Меня окутало холодом. Время замедлилось, перед глазами замелькали воспоминания, озаренные яркой улыбкой Гаури. Я вцепилась в кулон, плечи задрожали, губы сложились в первую букву ее имени, но я не стала произносить его вслух. Просто не смогла назвать имя, полное жизни, пока сжимала в руке это окровавленное ожерелье.
Я судорожно вздохнула. Теперь многое прояснилось. Почему Амар ни словом не поминал Бхарату, почему ни один из зеркальных порталов не отражал королевство моего отца. Все сошлось. На меня нахлынул ужас – мощный, ослепительный. В разум хлынули образы из самых глубинных моих кошмаров…
Гаури держит ожерелье.
Гаури кричит.
Гаури истекает кровью на полу гарема.
И я знала, что должна сделать. Чего бы это ни стоило.

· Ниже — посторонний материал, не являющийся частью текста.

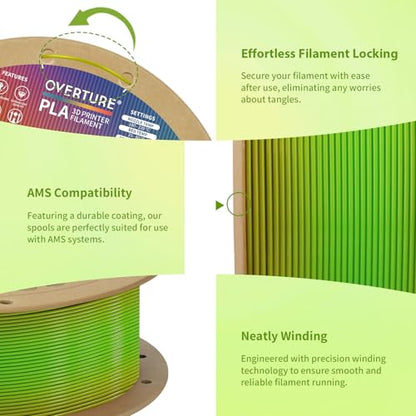 OVERTURE Rainbow PLA Filament 1.75mm, Neatly Wound 3D Printer Filament 1kg Spool (2.2lbs), Dimensional Accuracy +/- 0.02 mm, Fit Most FDM 3D Printers (Avocado)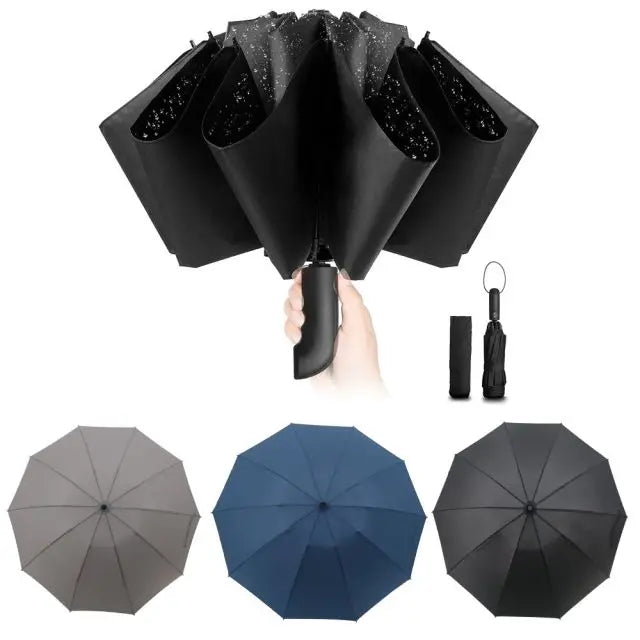 Wholesale 23inch 10Ribs Compact Travel Umbrella Water Resistant Inverted Umbrella 3 Fold Reverse Umbrella Business Gifts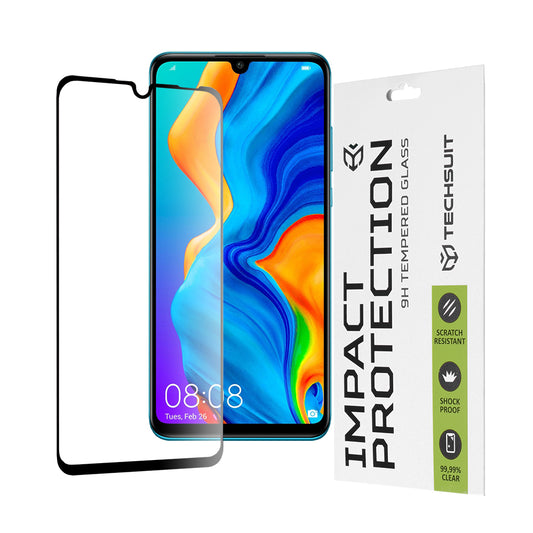 Película protetora de ecrã Techsuit para Huawei P30 lite New Edition / P30 lite, Vidro Temperado, Cola Total, 111D, Preta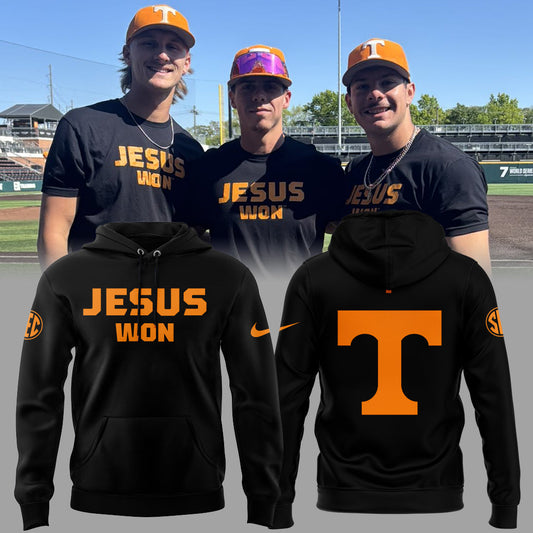 Tennessee Baseball JESUS WON Hoodie Black - Vols Baseball Hoodie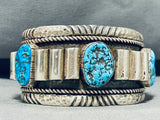 Tubular!!!! One Of One Vintage Native American Navajo Turquoise Sterling Silver Bracelet-Nativo Arts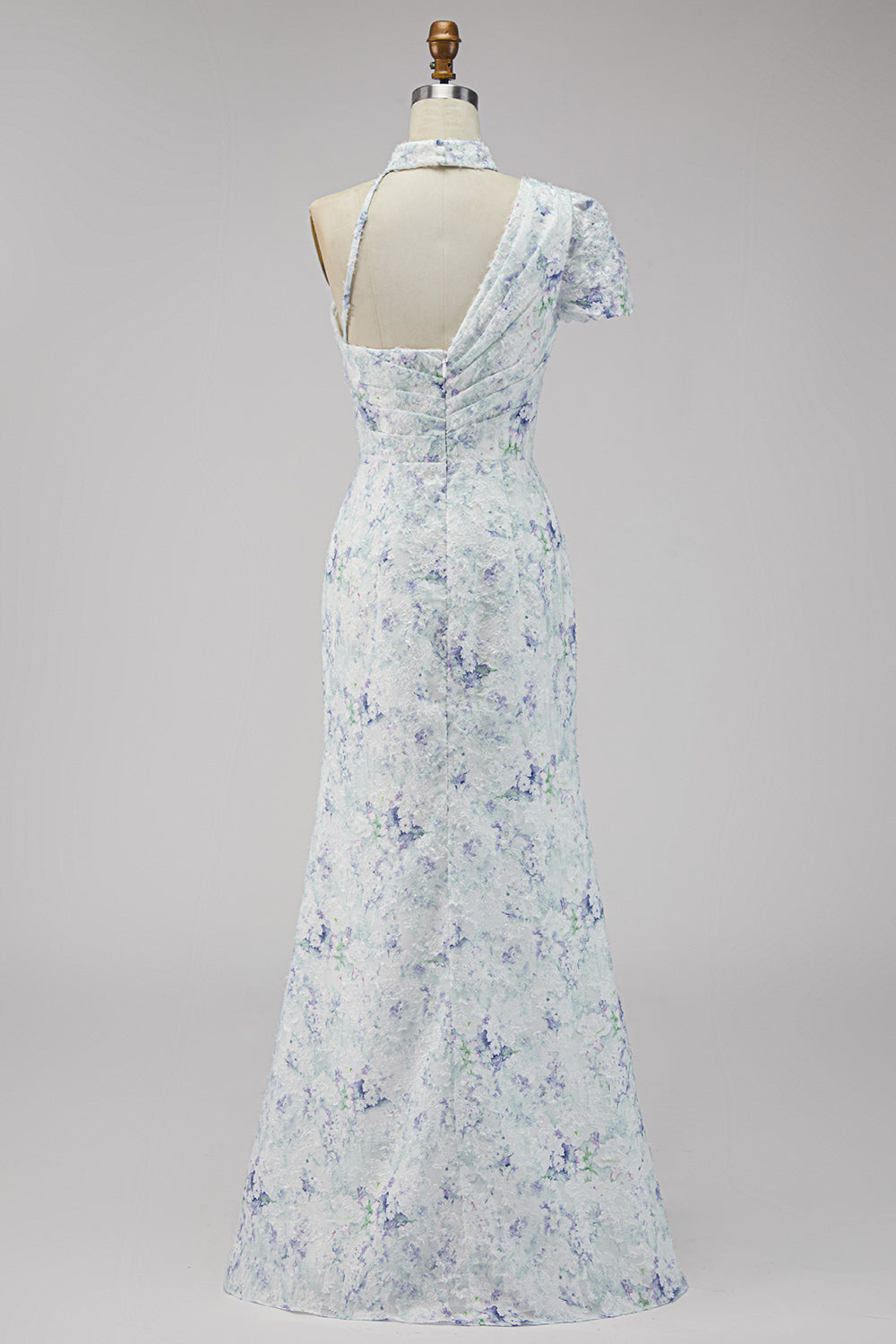 Floral Lilac Mermaid One Shoulder Long Formal Dress with Slit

Сегодня я украду аркан Амара и отнесу к Нритти. Сегодня я поставлю его на колени и заставлю заплатить за все, что он сотворил.
Сегодня я его уничтожу.
Весь вечер я металась из угла в угол, стараясь не смотреть на нашу общую кровать, но безуспешно. Свет все так же путался в паутине полога, напоминая, что иные ужасы бывают нежны и прекрасны, как шелк. Я знала, что Амар придет. И понимала, что должна сделать. Лишь слабое сердце противилось, убаюканное его речами, его прикосновениями и улыбками.
Сегодня я надела черное сари. Никаких браслетов ни на руках, ни на ногах. Волосы забрала назад, открывая лицо, и лишь одинокая жемчужина свисала с венца на лбу. Я провела по шелку рукой, и на ткани замерцали крошечные звездочки.

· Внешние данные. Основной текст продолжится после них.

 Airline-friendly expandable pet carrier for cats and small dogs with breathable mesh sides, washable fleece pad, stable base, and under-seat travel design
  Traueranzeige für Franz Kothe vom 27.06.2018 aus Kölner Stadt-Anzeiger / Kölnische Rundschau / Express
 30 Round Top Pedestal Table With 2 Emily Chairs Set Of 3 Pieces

Дверь скрипнула – вот и Амар.
– Моя звездная королева. Я скучал по тебе.
Он подошел ко мне вплотную. В сиянии свечей, озарявших спальню, каждая деталь словно стала отчетливей. Разворот его плеч, короткие волосы, завитками укрывающие шею. Мерцание кожи, пропитанной медом и румянцем. Мой прекрасный кошмар…

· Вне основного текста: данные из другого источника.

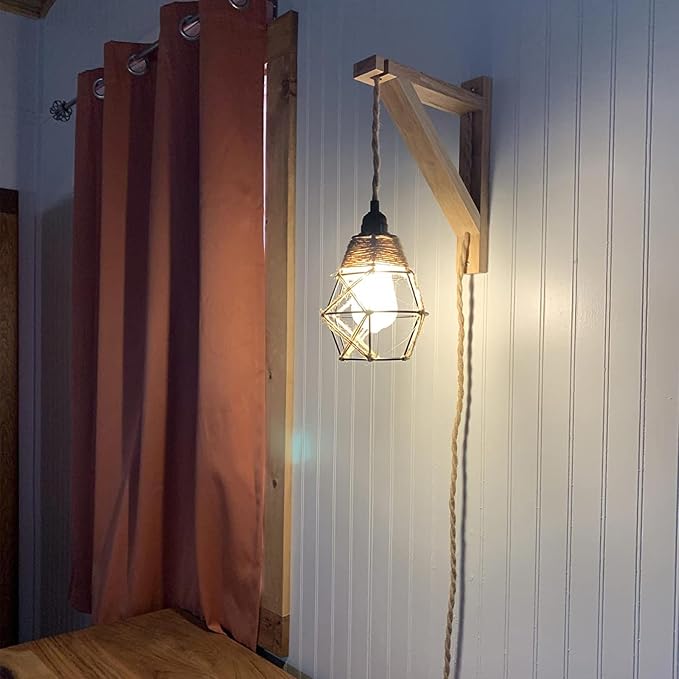 Frideko Plug in Wall Sconce Boho Farmhouse Hanging Wall Lamp - Image 7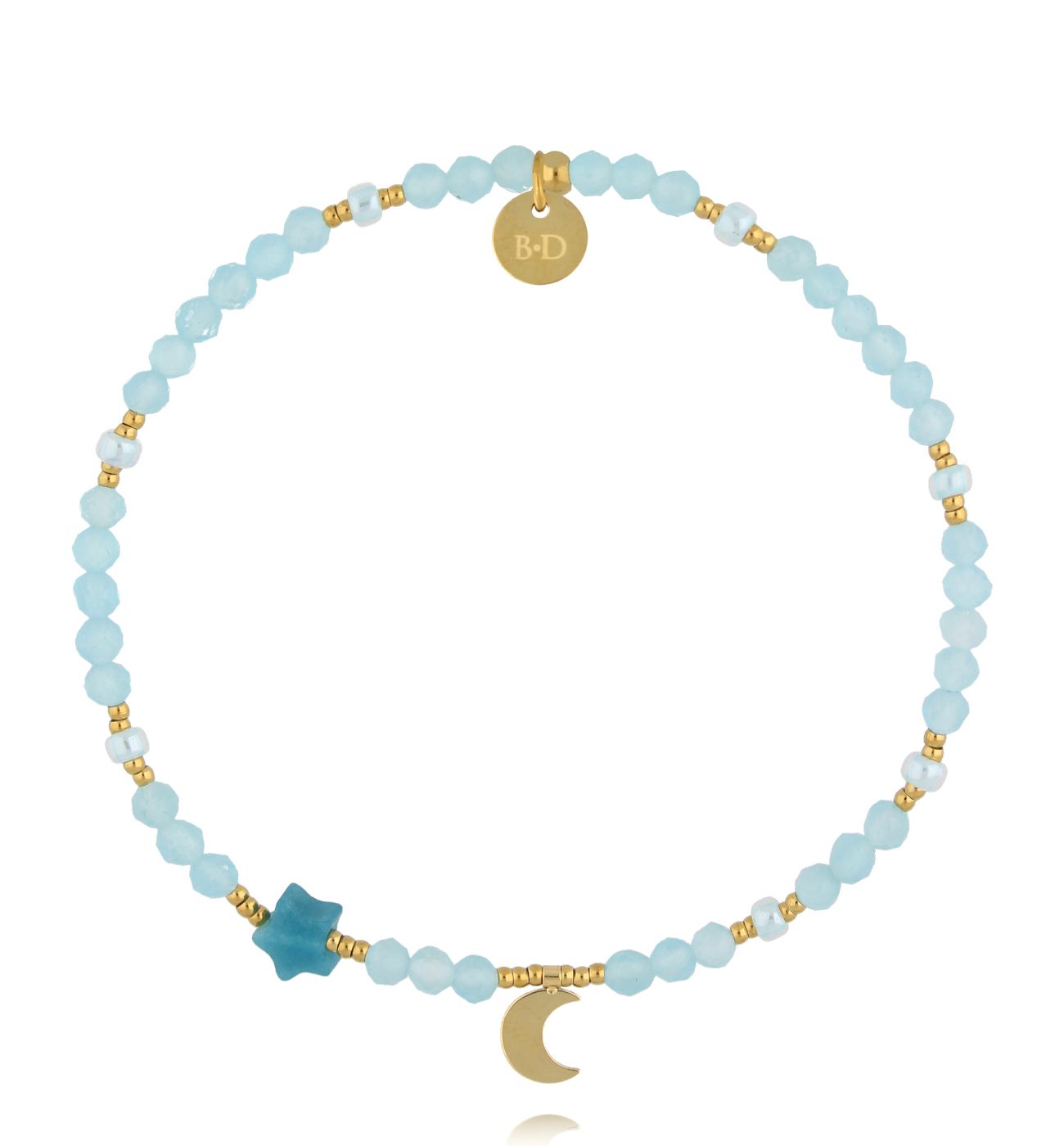 Bransoletka z błękitnymi kamieniami i księżycem - By Dziubeka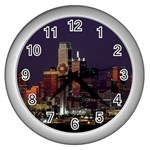 Dallas Skyline At Night Wall Clock (Silver) Front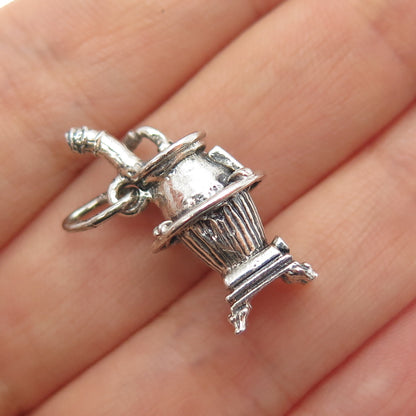 BEAU 925 Sterling Silver Vintage Potbelly Stove Oxidized Mini 3D Charm Pendant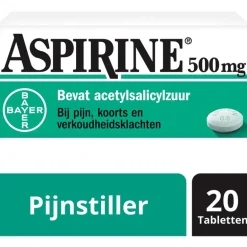 Aspirine 500 mg helpt bij pijn 20 tabletten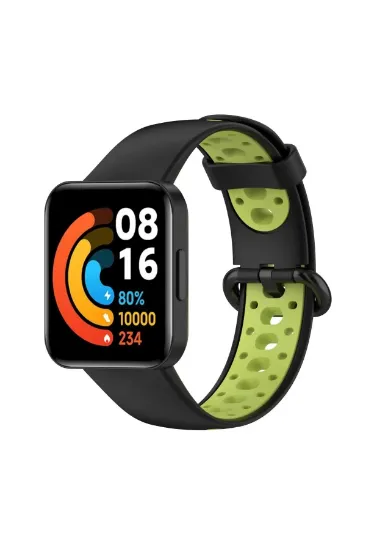 Newface Xiaomi Redmi Watch 2 Spor Delikli Kordon - Siyah-Yeşil resmi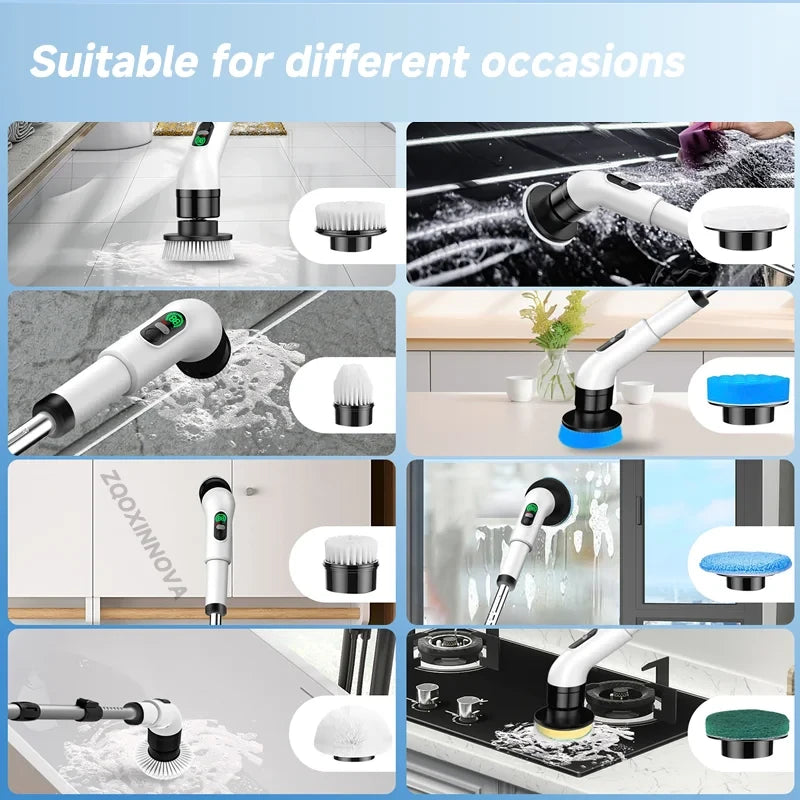 Electric Cordless Cleaning Scrubber – Complete Set (All Attachments Included)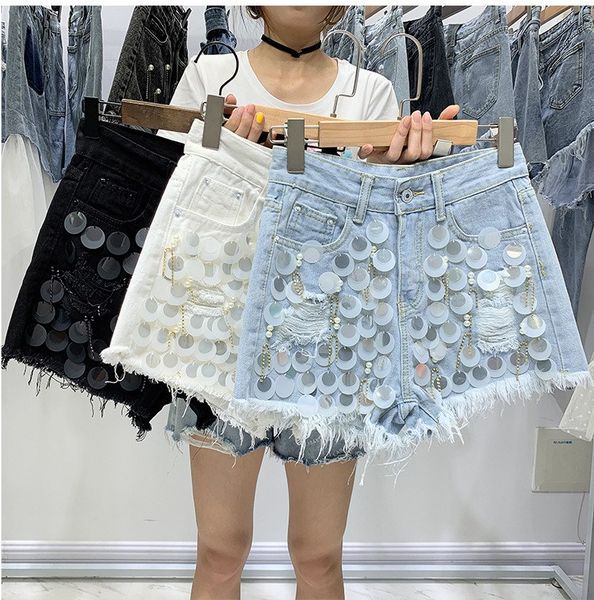 

2019 summer sequins tassel denim shorts women fashion high waist burr pockets hole jeans short casual wide leg shorts, White;black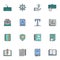 Copywriting filled outline icons set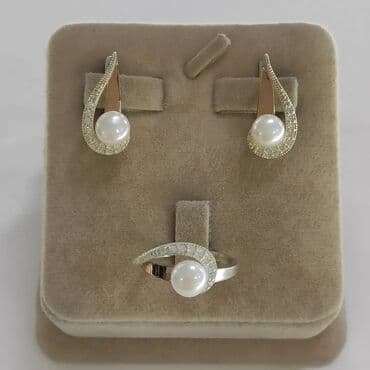 набор пандора: Цена 2500сом Набор с жемчугом Серебро пробы 925 напыление золотом — 1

Я поймала его за руку, скользнув пальцами по кожаному ремешку на запястье. Аркан. Он отозвался на прикосновение холодной пульсацией. Узелок казался завязанным очень слабо – очевидно, Амар не ожидал, что нужно чего-то опасаться.
– Мы потеряли целый день, который могли провести вместе, – промолвил он.
Я ослабила шелк на талии, и Амар вскинул бровь. Вокруг него, словно легкая ткань на ветру, колыхались тени. Наши взгляды встретились, и Амар ошеломленно округлил глаза, дыхание его стало поверхностным, выжидающим. Сари бесшумно упало на пол.
– У нас впереди вся ночь.
В миг, когда он коснулся меня, вселенная сузилась до пространства между нашими губами. Мы обратились жадными руками и ослепляющими, жгучими поцелуями. Амар прижимал меня к себе, сильные ладони оставляли огненные следы на талии и шее. И хотя в груди бурлила жажда мести, я не могла не поддаться этим ощущениям. Он шептал мое имя всякий раз, как целовал, так часто, что оно уже казалось не именем, а песней. Молитвой, мольбой.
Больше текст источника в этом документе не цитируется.